- **AIM OF THE TASK**: Take the material below and output exactly the run of lines from the one containing "SCUTTLE How To" down to the one containing "Attico con terrazza unico", with both included.

━━━ RECORDS SUPPLIED

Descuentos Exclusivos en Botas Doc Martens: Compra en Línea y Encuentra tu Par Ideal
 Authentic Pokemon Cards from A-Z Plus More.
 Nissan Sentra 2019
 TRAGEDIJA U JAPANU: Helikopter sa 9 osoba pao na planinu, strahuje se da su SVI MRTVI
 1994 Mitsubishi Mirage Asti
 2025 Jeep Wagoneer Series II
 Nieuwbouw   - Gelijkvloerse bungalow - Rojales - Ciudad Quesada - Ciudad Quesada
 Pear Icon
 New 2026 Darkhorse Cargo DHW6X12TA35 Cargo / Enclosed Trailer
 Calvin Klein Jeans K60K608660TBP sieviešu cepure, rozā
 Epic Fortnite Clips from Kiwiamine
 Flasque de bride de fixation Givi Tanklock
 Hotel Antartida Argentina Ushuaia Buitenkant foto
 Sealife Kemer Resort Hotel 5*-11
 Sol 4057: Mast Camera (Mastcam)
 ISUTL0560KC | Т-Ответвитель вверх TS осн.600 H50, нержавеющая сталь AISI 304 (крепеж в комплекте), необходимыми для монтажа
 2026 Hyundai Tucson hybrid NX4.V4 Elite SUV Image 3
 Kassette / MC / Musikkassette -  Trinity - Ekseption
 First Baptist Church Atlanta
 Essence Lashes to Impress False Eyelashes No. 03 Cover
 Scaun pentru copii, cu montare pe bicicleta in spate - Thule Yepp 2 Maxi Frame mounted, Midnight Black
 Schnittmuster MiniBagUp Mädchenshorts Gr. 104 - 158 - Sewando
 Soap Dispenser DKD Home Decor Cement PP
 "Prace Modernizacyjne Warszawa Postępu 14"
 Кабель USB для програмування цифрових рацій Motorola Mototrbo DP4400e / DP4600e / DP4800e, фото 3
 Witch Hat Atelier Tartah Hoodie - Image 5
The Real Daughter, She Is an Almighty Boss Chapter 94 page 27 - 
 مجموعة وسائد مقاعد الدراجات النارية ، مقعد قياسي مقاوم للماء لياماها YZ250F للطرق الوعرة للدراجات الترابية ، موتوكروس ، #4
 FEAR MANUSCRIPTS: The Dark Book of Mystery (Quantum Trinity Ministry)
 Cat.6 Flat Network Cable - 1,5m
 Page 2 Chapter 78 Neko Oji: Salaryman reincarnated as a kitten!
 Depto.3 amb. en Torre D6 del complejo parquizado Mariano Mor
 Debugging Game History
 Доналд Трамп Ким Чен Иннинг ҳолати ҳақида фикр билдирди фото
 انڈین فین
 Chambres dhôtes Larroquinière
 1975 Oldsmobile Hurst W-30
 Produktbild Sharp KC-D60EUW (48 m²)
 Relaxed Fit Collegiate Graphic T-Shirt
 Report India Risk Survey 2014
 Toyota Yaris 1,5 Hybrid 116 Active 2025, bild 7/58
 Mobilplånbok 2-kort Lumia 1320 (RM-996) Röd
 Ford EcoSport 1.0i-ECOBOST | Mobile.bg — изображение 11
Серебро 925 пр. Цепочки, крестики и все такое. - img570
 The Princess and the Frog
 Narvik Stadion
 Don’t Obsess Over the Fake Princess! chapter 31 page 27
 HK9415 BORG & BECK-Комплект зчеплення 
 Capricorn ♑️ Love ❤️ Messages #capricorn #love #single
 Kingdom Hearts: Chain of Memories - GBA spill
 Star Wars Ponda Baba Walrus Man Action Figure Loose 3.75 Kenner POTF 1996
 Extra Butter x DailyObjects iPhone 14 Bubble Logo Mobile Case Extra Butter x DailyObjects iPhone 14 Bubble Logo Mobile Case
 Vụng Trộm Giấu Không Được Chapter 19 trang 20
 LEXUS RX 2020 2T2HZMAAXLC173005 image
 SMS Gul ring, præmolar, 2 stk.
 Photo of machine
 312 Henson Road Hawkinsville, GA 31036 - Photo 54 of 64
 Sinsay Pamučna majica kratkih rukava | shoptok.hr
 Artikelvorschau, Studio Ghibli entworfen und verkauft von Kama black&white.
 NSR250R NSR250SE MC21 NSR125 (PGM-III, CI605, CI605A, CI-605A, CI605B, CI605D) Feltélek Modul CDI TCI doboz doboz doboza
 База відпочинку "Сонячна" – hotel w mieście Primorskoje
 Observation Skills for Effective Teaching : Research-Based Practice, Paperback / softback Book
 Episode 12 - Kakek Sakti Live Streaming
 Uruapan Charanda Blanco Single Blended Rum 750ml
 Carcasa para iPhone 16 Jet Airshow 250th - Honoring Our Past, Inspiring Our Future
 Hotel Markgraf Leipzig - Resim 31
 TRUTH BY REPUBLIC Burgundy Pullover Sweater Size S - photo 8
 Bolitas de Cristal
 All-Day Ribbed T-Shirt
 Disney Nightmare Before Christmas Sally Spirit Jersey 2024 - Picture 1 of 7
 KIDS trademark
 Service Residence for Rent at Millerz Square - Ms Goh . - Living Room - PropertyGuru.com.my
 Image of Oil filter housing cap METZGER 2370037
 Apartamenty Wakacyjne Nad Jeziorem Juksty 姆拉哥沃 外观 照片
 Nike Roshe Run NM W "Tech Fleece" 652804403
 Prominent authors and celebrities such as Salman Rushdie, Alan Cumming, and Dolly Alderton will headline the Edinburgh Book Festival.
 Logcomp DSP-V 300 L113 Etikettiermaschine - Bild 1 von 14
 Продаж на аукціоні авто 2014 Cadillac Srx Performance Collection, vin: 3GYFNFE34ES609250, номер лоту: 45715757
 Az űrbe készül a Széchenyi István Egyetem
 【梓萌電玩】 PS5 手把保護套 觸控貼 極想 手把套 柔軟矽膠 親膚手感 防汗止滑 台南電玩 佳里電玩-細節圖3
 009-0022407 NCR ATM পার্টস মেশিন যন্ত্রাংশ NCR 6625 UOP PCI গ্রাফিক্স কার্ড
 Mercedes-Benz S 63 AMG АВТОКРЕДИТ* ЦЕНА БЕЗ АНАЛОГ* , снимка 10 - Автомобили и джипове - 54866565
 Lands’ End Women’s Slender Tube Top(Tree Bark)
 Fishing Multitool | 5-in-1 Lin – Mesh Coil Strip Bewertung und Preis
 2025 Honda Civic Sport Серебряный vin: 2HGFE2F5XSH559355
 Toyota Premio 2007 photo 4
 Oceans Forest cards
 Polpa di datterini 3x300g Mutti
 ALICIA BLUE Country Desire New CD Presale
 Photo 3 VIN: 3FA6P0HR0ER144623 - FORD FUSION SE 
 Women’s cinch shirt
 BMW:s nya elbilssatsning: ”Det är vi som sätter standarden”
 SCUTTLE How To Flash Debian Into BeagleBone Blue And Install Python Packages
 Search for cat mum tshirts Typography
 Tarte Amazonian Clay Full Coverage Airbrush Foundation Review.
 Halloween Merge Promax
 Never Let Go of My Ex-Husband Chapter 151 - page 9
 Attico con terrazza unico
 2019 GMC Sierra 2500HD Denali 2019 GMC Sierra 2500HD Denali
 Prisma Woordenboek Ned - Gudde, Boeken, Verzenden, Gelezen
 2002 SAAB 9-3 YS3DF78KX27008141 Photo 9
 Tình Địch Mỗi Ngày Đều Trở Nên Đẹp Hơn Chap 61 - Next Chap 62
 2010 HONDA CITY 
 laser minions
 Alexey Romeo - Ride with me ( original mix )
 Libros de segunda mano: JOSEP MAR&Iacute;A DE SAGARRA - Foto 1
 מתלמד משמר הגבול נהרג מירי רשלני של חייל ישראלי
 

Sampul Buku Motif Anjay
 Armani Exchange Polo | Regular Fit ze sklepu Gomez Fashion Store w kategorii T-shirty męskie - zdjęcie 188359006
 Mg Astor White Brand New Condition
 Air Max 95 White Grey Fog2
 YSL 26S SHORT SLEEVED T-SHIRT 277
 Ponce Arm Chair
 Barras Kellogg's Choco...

━━━━━━

- **RESPONSE TO THIS TASK**:
 SCUTTLE How To Flash Debian Into BeagleBone Blue And Install Python Packages
 Search for cat mum tshirts Typography
 Tarte Amazonian Clay Full Coverage Airbrush Foundation Review.
 Halloween Merge Promax
 Never Let Go of My Ex-Husband Chapter 151 - page 9
 Attico con terrazza unico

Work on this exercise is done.